DATA RECORDS:
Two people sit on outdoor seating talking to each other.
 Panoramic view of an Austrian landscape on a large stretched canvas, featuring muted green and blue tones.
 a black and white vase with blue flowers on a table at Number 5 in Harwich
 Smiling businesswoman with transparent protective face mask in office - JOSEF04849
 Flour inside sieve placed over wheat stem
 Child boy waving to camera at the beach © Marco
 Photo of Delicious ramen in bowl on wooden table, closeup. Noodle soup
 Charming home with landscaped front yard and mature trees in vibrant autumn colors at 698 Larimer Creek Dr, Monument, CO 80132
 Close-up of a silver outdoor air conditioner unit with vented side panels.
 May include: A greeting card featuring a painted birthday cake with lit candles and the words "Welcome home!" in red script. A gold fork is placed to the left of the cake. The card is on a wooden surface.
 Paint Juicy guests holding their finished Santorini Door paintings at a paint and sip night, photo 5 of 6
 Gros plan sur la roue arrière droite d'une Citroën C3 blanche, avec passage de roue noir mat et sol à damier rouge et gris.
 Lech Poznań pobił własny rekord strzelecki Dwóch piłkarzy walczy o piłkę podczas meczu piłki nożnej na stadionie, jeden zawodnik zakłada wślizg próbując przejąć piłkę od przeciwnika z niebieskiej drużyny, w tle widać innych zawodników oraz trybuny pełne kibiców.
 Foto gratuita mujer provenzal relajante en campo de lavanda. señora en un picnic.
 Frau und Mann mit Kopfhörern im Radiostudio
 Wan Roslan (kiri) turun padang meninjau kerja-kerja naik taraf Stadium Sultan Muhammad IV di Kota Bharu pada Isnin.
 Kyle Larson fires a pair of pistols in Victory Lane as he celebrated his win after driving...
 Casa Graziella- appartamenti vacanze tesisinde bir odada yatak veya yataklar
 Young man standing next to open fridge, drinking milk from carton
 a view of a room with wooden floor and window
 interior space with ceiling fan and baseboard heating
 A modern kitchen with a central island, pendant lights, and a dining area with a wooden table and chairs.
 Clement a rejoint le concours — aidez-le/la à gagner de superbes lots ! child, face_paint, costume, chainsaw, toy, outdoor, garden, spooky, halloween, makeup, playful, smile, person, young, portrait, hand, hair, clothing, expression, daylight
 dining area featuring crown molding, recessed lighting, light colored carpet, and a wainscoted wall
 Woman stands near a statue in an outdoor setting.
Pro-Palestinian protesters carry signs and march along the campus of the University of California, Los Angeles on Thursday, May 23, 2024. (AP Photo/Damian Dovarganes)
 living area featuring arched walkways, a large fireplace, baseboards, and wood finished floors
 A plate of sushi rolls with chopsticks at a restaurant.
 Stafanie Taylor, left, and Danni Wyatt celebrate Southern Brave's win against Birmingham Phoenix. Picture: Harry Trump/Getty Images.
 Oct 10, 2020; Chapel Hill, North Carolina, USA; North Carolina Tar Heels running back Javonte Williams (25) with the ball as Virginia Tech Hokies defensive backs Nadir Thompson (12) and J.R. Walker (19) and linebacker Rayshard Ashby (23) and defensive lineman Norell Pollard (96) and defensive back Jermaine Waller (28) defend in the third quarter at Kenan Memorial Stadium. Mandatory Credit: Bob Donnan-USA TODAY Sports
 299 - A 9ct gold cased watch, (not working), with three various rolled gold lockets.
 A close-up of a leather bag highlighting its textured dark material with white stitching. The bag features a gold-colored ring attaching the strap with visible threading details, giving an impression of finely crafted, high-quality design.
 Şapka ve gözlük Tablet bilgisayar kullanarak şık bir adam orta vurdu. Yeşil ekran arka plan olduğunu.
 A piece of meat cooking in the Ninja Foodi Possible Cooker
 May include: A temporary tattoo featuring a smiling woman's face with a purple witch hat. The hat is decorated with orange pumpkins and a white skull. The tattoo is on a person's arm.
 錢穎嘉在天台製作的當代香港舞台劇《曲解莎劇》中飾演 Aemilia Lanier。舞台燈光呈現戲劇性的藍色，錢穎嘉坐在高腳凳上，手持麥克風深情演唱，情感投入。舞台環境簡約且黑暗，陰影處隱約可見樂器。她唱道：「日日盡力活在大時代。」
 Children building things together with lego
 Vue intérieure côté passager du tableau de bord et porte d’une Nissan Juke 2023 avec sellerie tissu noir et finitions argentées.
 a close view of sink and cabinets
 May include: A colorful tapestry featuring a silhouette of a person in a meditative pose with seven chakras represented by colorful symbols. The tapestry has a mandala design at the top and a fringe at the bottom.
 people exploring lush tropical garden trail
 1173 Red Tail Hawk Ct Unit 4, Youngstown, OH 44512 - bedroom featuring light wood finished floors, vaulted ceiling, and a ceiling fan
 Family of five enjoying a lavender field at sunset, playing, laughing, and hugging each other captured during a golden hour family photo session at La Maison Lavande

WHAT NEEDS TO BE DONE:
Every record above must be repeated word for word.

RESULT FOR THIS TASK:
Two people sit on outdoor seating talking to each other.
 Panoramic view of an Austrian landscape on a large stretched canvas, featuring muted green and blue tones.
 a black and white vase with blue flowers on a table at Number 5 in Harwich
 Smiling businesswoman with transparent protective face mask in office - JOSEF04849
 Flour inside sieve placed over wheat stem
 Child boy waving to camera at the beach © Marco
 Photo of Delicious ramen in bowl on wooden table, closeup. Noodle soup
 Charming home with landscaped front yard and mature trees in vibrant autumn colors at 698 Larimer Creek Dr, Monument, CO 80132
 Close-up of a silver outdoor air conditioner unit with vented side panels.
 May include: A greeting card featuring a painted birthday cake with lit candles and the words "Welcome home!" in red script. A gold fork is placed to the left of the cake. The card is on a wooden surface.
 Paint Juicy guests holding their finished Santorini Door paintings at a paint and sip night, photo 5 of 6
 Gros plan sur la roue arrière droite d'une Citroën C3 blanche, avec passage de roue noir mat et sol à damier rouge et gris.
 Lech Poznań pobił własny rekord strzelecki Dwóch piłkarzy walczy o piłkę podczas meczu piłki nożnej na stadionie, jeden zawodnik zakłada wślizg próbując przejąć piłkę od przeciwnika z niebieskiej drużyny, w tle widać innych zawodników oraz trybuny pełne kibiców.
 Foto gratuita mujer provenzal relajante en campo de lavanda. señora en un picnic.
 Frau und Mann mit Kopfhörern im Radiostudio
 Wan Roslan (kiri) turun padang meninjau kerja-kerja naik taraf Stadium Sultan Muhammad IV di Kota Bharu pada Isnin.
 Kyle Larson fires a pair of pistols in Victory Lane as he celebrated his win after driving...
 Casa Graziella- appartamenti vacanze tesisinde bir odada yatak veya yataklar
 Young man standing next to open fridge, drinking milk from carton
 a view of a room with wooden floor and window
 interior space with ceiling fan and baseboard heating
 A modern kitchen with a central island, pendant lights, and a dining area with a wooden table and chairs.
 Clement a rejoint le concours — aidez-le/la à gagner de superbes lots ! child, face_paint, costume, chainsaw, toy, outdoor, garden, spooky, halloween, makeup, playful, smile, person, young, portrait, hand, hair, clothing, expression, daylight
 dining area featuring crown molding, recessed lighting, light colored carpet, and a wainscoted wall
 Woman stands near a statue in an outdoor setting.
Pro-Palestinian protesters carry signs and march along the campus of the University of California, Los Angeles on Thursday, May 23, 2024. (AP Photo/Damian Dovarganes)
 living area featuring arched walkways, a large fireplace, baseboards, and wood finished floors
 A plate of sushi rolls with chopsticks at a restaurant.
 Stafanie Taylor, left, and Danni Wyatt celebrate Southern Brave's win against Birmingham Phoenix. Picture: Harry Trump/Getty Images.
 Oct 10, 2020; Chapel Hill, North Carolina, USA; North Carolina Tar Heels running back Javonte Williams (25) with the ball as Virginia Tech Hokies defensive backs Nadir Thompson (12) and J.R. Walker (19) and linebacker Rayshard Ashby (23) and defensive lineman Norell Pollard (96) and defensive back Jermaine Waller (28) defend in the third quarter at Kenan Memorial Stadium. Mandatory Credit: Bob Donnan-USA TODAY Sports
 299 - A 9ct gold cased watch, (not working), with three various rolled gold lockets.
 A close-up of a leather bag highlighting its textured dark material with white stitching. The bag features a gold-colored ring attaching the strap with visible threading details, giving an impression of finely crafted, high-quality design.
 Şapka ve gözlük Tablet bilgisayar kullanarak şık bir adam orta vurdu. Yeşil ekran arka plan olduğunu.
 A piece of meat cooking in the Ninja Foodi Possible Cooker
 May include: A temporary tattoo featuring a smiling woman's face with a purple witch hat. The hat is decorated with orange pumpkins and a white skull. The tattoo is on a person's arm.
 錢穎嘉在天台製作的當代香港舞台劇《曲解莎劇》中飾演 Aemilia Lanier。舞台燈光呈現戲劇性的藍色，錢穎嘉坐在高腳凳上，手持麥克風深情演唱，情感投入。舞台環境簡約且黑暗，陰影處隱約可見樂器。她唱道：「日日盡力活在大時代。」
 Children building things together with lego
 Vue intérieure côté passager du tableau de bord et porte d’une Nissan Juke 2023 avec sellerie tissu noir et finitions argentées.
 a close view of sink and cabinets
 May include: A colorful tapestry featuring a silhouette of a person in a meditative pose with seven chakras represented by colorful symbols. The tapestry has a mandala design at the top and a fringe at the bottom.
 people exploring lush tropical garden trail
 1173 Red Tail Hawk Ct Unit 4, Youngstown, OH 44512 - bedroom featuring light wood finished floors, vaulted ceiling, and a ceiling fan
 Family of five enjoying a lavender field at sunset, playing, laughing, and hugging each other captured during a golden hour family photo session at La Maison Lavande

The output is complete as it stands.